++++ SUPPLIED DATA

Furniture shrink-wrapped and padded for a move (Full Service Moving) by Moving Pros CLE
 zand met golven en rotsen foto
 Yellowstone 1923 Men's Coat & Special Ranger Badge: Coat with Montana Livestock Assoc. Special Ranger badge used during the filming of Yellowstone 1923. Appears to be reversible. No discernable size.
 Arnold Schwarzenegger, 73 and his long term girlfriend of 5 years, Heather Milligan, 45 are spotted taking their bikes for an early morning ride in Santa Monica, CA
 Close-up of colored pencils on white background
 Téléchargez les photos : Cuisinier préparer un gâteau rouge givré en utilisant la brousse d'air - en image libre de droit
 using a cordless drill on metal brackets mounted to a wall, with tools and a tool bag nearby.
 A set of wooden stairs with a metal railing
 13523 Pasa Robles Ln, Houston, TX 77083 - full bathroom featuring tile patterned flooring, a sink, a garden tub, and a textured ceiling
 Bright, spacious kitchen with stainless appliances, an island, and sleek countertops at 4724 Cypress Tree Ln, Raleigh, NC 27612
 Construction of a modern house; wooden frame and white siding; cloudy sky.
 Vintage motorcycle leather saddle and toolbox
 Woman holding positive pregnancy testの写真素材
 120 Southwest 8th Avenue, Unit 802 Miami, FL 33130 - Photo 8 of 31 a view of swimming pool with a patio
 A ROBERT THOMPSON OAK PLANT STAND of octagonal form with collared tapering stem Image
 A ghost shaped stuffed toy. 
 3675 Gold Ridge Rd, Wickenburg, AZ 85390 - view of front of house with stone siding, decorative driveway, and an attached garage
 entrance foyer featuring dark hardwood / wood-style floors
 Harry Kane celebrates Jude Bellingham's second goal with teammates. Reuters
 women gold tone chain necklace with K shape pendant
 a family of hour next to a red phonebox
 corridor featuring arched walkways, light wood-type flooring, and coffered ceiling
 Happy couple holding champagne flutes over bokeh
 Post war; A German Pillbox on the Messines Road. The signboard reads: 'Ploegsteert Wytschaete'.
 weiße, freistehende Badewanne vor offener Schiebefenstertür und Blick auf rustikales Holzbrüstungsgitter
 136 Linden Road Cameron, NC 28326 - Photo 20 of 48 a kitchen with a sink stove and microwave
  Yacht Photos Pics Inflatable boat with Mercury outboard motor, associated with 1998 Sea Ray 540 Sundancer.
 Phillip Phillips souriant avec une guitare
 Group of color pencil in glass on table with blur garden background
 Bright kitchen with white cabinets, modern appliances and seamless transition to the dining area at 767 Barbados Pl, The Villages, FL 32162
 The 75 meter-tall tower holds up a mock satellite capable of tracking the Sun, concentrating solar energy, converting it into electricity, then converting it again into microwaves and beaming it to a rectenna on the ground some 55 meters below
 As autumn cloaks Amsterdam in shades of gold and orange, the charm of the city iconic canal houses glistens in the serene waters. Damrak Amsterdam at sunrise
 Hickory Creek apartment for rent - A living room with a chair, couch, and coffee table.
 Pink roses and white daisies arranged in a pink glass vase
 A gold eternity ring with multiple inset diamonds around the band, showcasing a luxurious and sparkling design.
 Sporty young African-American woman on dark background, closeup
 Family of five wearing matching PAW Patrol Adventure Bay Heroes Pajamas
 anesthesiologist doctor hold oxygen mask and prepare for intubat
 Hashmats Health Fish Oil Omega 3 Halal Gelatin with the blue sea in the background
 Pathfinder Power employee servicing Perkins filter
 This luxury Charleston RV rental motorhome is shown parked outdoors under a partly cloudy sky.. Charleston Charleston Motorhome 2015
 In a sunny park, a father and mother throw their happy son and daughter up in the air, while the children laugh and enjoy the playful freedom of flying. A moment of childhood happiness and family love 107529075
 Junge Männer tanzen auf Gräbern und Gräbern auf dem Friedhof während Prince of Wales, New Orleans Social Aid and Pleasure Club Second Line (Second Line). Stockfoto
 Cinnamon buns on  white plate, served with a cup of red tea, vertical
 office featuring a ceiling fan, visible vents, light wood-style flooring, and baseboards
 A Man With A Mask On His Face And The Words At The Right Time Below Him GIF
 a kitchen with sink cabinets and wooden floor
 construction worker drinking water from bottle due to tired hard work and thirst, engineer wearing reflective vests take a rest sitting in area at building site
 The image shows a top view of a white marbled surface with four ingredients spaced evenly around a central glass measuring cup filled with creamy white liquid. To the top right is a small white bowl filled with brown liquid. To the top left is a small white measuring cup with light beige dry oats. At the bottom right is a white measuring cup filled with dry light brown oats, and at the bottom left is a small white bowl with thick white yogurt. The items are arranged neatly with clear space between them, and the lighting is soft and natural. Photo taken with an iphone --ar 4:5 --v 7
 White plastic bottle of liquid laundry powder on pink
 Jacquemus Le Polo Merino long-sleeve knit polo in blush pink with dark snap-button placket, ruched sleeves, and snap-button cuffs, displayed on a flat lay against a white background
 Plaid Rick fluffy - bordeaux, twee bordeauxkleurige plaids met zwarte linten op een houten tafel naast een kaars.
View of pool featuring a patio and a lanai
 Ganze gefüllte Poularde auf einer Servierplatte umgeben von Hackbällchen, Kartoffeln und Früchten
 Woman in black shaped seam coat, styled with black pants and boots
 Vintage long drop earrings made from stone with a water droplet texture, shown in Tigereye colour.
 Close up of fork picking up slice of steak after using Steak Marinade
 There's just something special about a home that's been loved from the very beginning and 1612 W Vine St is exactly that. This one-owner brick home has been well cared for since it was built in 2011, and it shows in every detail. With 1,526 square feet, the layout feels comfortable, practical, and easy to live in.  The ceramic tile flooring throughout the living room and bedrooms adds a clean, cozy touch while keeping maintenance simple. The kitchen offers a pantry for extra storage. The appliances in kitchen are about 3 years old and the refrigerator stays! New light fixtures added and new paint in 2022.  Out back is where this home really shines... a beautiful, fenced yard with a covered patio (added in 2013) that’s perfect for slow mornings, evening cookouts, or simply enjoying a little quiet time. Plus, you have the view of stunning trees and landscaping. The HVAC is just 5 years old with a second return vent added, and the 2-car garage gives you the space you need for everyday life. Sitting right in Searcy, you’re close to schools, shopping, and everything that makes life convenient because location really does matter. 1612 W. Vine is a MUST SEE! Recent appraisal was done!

++++++++

THE PROBLEM
When you come to the line containing "A ghost shaped stuffed toy.", give it and stop; before that, repeat each line of the material exactly from the first one.

THE ANSWER
Furniture shrink-wrapped and padded for a move (Full Service Moving) by Moving Pros CLE
 zand met golven en rotsen foto
 Yellowstone 1923 Men's Coat & Special Ranger Badge: Coat with Montana Livestock Assoc. Special Ranger badge used during the filming of Yellowstone 1923. Appears to be reversible. No discernable size.
 Arnold Schwarzenegger, 73 and his long term girlfriend of 5 years, Heather Milligan, 45 are spotted taking their bikes for an early morning ride in Santa Monica, CA
 Close-up of colored pencils on white background
 Téléchargez les photos : Cuisinier préparer un gâteau rouge givré en utilisant la brousse d'air - en image libre de droit
 using a cordless drill on metal brackets mounted to a wall, with tools and a tool bag nearby.
 A set of wooden stairs with a metal railing
 13523 Pasa Robles Ln, Houston, TX 77083 - full bathroom featuring tile patterned flooring, a sink, a garden tub, and a textured ceiling
 Bright, spacious kitchen with stainless appliances, an island, and sleek countertops at 4724 Cypress Tree Ln, Raleigh, NC 27612
 Construction of a modern house; wooden frame and white siding; cloudy sky.
 Vintage motorcycle leather saddle and toolbox
 Woman holding positive pregnancy testの写真素材
 120 Southwest 8th Avenue, Unit 802 Miami, FL 33130 - Photo 8 of 31 a view of swimming pool with a patio
 A ROBERT THOMPSON OAK PLANT STAND of octagonal form with collared tapering stem Image
 A ghost shaped stuffed toy. 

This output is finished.